Scuoto istintivamente il capo in un cenno negativo.
"Scendi in strada! Possiamo parlare un po'. L'acqua non ti farà del male, vedi? Io
sono bagnato come un pulcino e sono del tutto normale. Dai non fare lo scemo,
scendi!"
Vuole che l'acqua mi bagni. Vuole farmi diventare uno di loro.
"NO!"
Urlo forte.
"Come vuoi!"
Risponde lui alzando l'arma, se la punta in bocca e fa fuoco. Vedo il suo corpo
stramazzare a terra. Spalanco gli occhi, incredulo, decine di uomini e donne gli sono
addosso nel giro di pochi secondi, come belve affamate, come predatori rapaci.
Cado all'indietro, in un luogo buio e innaturale. Mi prenderanno, sanno di me.
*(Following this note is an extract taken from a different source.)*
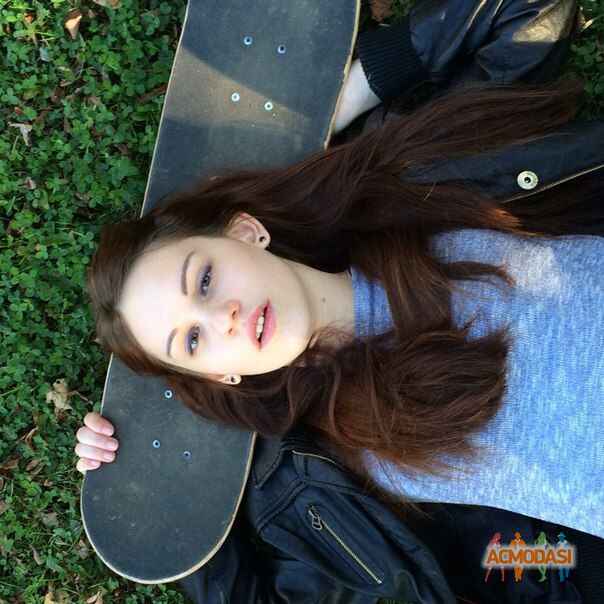 Карина Рудольфовна Комиссарова фото №955311. Загружено 16 Ноября 2015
Vedo il mio corpo inclinarsi, al rallentatore, c'è un buco nero, un vortice.
Non ricordo quanto tempo fa è accaduto.
Il giardino è deserto.
Il corpo di Matteo è scomparso.
L'acqua ha lavato via il sangue.
Devo essere svenuto.
Guardo in alto sul soffitto, l'acqua ha cominciato la sua infiltrazione. Gocce cadono
crudeli sul pavimento, presto questa stanza sarà una immensa piscina.
E io sarò uno di loro!
Sento dei rumori, dei passi innaturali su per la scala.
"Tesoro sono la mamma!"
Dice una voce liquida e crudele al di là della porta, io rimango in silenzio.
"Tesoro..."
Continua lei.
"... su apri la porta, è l'ora del bagno!"